LOLA – NZ37 + EASTERLY – PICNIC BOAT

Todays story comes to us from retired boat builder Allan Hooper, just back from an extended trip to visit family the USA (Carlsbad just north of San Diego). I’ll let Allan tell the story :-

Prior to leaving I made contact with Morgan Spriggs the current owner of Lola, an NZ37. Lola was built at Jim Young’s NZ Yachts in 1969-70 while I was the foreman. 

I was very keen to see the boat after all these years. Morgan has spent  a lot of time restoring Lola and she looks as good as the date she left the factory apart from a few alterations and replacements. Morgan was excited to meet me and be able to talk about the build of the boat.

The hull construction is 4 skins of 1/4’” Kauri cold moulded with all of the back bone, floors, transom and bulkhead boundarys set in the mould. The hull was sheathed in Epoxy and glass. After the hull was taken off the mould the bulkheads and the interior were put in place and gunwales fitted.

The cabin,  cockpit and decks were built on a separate mould complete with paint work, glazing and hardware. Then in an operation taking only a couple of hours, was lifted and placed on the hull, located over the bulkheads, glued and fastened down.

The techniques developed to build these yachts enabled a NZ37 to be built from start to finish in 4 weeks.

Read and view more on Lola here https://www.latitude38.com/lectronic/lola-55-year-old-kiwi-sloop-finds-home-san-diego/

Morgan‘s father Robert owns a beautiful picnic boat, Easterly (photos below), an ex  Maine lobster boat on which we toured the San Diego bay.

It was used by Denis Connor is a chase boat when he was sailing in the Americas cup.

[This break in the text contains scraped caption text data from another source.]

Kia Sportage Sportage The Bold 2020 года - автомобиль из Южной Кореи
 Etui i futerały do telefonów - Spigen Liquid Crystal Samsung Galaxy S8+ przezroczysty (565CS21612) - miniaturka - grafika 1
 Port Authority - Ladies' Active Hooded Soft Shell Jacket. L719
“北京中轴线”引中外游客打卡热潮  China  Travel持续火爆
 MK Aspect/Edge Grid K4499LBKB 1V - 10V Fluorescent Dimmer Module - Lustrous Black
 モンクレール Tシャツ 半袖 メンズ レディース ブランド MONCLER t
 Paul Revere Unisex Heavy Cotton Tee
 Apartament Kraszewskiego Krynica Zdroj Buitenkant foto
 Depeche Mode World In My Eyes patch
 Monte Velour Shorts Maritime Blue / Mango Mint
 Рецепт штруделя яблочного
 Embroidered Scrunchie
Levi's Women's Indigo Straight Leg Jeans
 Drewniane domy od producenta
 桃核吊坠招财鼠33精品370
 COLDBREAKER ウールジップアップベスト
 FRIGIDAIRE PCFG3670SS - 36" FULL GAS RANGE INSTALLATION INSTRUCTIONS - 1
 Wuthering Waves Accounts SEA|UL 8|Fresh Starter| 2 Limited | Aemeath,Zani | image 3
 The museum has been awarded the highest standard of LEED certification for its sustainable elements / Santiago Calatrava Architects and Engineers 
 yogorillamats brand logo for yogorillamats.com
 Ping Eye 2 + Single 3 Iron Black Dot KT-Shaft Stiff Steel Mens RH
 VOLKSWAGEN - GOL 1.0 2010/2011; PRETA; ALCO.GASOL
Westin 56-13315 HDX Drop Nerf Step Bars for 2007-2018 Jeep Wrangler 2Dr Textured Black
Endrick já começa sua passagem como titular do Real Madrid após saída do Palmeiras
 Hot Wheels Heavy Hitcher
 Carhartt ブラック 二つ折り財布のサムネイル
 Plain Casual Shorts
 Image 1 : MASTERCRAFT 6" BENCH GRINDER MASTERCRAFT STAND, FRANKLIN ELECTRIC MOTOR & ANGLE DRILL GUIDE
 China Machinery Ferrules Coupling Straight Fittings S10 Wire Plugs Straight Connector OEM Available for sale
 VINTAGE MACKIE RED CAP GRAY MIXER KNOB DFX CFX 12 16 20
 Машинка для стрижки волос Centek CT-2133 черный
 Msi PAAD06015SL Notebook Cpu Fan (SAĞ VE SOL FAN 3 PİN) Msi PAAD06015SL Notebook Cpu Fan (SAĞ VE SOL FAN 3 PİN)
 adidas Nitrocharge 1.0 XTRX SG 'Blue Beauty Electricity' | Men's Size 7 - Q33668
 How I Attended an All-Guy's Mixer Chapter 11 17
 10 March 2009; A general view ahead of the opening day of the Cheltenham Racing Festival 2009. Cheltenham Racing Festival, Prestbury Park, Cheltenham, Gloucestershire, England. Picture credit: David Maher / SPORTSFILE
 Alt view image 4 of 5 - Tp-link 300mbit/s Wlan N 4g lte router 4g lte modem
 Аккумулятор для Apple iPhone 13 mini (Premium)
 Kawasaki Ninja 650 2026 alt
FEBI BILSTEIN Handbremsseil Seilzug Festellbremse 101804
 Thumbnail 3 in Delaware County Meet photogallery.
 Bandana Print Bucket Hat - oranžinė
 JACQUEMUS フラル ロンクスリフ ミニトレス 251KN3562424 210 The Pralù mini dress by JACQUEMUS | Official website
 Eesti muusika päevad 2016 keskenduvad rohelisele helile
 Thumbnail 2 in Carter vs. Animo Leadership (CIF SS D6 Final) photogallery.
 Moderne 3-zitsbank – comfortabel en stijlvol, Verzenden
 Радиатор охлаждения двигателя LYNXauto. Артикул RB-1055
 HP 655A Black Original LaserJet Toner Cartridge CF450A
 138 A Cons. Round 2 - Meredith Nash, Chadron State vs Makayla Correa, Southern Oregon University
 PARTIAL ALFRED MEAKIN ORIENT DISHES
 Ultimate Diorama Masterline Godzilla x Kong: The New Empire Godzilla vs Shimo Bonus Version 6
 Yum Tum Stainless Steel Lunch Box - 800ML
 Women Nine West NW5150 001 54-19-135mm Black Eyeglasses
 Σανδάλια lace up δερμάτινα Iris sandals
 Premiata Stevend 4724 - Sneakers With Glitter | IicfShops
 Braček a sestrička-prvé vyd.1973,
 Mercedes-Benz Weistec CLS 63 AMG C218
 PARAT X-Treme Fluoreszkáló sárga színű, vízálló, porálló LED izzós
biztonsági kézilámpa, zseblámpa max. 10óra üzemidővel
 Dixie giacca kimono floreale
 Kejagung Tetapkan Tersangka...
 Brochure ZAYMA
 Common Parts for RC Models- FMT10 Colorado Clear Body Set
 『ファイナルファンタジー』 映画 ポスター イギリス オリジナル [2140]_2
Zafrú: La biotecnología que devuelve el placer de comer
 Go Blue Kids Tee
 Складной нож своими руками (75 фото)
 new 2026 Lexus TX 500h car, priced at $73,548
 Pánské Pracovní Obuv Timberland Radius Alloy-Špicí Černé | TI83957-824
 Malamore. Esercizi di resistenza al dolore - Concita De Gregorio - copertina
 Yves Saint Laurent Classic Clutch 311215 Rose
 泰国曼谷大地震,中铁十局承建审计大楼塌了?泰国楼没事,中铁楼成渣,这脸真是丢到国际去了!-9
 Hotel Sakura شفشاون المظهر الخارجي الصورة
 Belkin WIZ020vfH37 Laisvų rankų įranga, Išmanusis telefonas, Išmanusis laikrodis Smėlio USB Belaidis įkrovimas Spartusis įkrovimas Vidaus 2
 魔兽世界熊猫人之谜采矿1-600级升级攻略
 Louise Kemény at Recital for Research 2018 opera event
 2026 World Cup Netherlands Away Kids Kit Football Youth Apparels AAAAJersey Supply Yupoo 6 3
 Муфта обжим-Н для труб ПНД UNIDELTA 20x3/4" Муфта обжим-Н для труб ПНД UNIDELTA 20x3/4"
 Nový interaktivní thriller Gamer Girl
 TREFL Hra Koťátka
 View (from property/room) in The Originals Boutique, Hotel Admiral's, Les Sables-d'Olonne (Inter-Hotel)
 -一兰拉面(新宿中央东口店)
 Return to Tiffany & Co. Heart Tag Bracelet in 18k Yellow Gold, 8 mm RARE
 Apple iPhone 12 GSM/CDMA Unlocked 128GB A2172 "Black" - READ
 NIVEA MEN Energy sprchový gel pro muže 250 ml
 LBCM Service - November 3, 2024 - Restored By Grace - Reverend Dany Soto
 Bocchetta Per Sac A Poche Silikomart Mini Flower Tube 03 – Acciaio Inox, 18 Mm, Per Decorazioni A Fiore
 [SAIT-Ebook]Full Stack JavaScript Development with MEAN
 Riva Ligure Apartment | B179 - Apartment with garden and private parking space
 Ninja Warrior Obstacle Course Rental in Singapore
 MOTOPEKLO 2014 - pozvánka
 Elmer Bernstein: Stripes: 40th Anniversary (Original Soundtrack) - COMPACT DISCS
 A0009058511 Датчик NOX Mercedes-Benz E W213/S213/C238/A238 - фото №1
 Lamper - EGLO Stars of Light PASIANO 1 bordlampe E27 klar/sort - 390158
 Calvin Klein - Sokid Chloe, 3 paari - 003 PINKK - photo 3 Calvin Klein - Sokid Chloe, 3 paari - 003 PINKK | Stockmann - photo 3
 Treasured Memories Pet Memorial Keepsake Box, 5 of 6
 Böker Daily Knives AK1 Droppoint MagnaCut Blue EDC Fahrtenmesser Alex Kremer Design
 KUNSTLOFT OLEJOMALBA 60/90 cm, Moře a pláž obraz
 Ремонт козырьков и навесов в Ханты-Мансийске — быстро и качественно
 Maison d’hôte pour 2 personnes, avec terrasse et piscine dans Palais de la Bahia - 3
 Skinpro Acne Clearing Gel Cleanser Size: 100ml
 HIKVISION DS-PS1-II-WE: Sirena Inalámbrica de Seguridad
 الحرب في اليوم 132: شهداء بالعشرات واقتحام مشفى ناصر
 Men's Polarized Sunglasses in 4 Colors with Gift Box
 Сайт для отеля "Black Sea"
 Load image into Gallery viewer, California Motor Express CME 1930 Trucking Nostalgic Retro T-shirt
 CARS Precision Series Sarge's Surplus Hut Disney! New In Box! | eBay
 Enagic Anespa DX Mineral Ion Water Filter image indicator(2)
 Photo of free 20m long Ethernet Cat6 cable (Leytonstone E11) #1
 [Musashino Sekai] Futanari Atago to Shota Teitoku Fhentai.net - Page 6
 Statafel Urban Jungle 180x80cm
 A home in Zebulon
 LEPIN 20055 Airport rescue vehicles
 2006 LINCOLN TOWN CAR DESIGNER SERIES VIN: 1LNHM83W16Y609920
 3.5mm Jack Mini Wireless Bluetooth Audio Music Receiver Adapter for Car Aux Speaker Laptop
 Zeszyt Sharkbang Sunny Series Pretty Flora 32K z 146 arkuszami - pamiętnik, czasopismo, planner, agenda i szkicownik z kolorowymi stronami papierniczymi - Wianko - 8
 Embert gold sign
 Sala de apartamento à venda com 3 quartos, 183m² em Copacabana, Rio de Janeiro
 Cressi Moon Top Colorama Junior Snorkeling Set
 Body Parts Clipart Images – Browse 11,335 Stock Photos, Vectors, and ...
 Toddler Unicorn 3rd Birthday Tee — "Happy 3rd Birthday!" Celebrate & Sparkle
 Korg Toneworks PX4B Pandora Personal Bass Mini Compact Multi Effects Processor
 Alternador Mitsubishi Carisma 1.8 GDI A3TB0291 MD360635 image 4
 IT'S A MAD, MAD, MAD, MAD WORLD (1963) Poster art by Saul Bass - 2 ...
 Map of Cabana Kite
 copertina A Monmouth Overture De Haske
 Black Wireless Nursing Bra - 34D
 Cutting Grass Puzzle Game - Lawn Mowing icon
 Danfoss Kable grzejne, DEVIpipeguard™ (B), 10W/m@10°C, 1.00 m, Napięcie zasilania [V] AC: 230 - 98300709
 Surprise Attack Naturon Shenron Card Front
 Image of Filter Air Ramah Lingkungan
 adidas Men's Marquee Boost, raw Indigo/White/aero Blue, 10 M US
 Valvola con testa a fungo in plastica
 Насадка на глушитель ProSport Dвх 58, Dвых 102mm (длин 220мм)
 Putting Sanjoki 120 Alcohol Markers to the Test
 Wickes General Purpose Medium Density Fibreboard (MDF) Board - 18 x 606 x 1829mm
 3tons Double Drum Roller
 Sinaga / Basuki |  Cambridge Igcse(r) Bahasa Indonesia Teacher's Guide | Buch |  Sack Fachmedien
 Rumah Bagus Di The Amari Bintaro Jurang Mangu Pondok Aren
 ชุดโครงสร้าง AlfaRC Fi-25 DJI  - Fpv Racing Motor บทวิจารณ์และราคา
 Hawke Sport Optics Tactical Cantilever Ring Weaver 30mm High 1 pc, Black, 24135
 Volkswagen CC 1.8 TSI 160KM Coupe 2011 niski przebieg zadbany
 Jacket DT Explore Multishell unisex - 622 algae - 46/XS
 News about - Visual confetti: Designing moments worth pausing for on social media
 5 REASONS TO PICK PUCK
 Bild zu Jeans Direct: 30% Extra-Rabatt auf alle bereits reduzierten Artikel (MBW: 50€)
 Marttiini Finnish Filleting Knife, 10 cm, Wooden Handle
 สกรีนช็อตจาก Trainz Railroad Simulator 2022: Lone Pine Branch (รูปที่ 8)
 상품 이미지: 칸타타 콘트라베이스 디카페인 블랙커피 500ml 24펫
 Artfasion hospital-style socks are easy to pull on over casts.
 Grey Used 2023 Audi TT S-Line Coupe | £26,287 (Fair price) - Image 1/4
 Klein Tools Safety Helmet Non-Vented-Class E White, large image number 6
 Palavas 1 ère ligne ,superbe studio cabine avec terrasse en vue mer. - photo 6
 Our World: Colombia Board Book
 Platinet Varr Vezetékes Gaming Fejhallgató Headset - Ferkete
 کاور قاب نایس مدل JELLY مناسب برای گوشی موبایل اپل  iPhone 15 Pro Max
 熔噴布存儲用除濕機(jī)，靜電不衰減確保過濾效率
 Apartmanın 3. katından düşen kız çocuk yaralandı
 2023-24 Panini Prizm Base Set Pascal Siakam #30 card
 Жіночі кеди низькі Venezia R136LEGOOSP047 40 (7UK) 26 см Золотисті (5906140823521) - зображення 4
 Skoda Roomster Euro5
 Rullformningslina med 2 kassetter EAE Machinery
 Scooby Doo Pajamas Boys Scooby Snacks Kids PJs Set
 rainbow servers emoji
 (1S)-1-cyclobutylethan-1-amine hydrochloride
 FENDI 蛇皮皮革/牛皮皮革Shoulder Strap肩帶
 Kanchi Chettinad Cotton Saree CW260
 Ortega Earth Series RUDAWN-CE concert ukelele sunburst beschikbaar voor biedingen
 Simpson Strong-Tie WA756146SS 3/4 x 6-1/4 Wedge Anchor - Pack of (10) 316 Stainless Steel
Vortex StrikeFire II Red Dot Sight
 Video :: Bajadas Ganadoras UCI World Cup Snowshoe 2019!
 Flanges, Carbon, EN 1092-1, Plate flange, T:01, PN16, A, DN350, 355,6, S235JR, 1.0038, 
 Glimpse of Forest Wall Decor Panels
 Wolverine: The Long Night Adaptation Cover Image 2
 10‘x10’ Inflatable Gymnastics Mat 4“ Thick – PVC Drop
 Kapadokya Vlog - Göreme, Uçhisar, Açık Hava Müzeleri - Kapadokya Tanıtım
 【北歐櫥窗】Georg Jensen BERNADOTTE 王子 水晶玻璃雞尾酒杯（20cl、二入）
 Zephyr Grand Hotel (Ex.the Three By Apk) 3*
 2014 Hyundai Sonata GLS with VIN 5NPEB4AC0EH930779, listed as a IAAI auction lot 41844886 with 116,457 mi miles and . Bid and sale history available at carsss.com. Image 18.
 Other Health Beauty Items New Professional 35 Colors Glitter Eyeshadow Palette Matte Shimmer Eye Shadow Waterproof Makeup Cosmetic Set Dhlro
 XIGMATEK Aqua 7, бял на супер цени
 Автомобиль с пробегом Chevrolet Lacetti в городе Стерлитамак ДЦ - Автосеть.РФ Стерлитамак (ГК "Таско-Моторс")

Robert Spriggs has owns the boat for 22 years and it is in as new condition, you could have eaten your lunch of the engine or engine room floor.

The teak cockpit sole is the best laid teak I have ever seen, the timber selected is absolutely perfect, as was the whole boat.

The waterfront at downtown San Diego has a beautiful collection of maritime exhibits including a sailing immigrant ship the “Star of India” which was a regular visitor to New Zealand in the 1800s, once a year it is taken out for a sail.

Further along the waterfront is the USS Midway launched in 1945, she was finally laid up in the 1990s. If you’ve never been on an aircraft carrier it’s well worth a visit. 3.5 acres of 3 inch thick steel makes up the flight deck. It is an interesting harbour to visit and extremely busy as it is alongside the international airport, a military airport, a naval base, several marinas and the city. When you go out on the bay you see it and hear it all.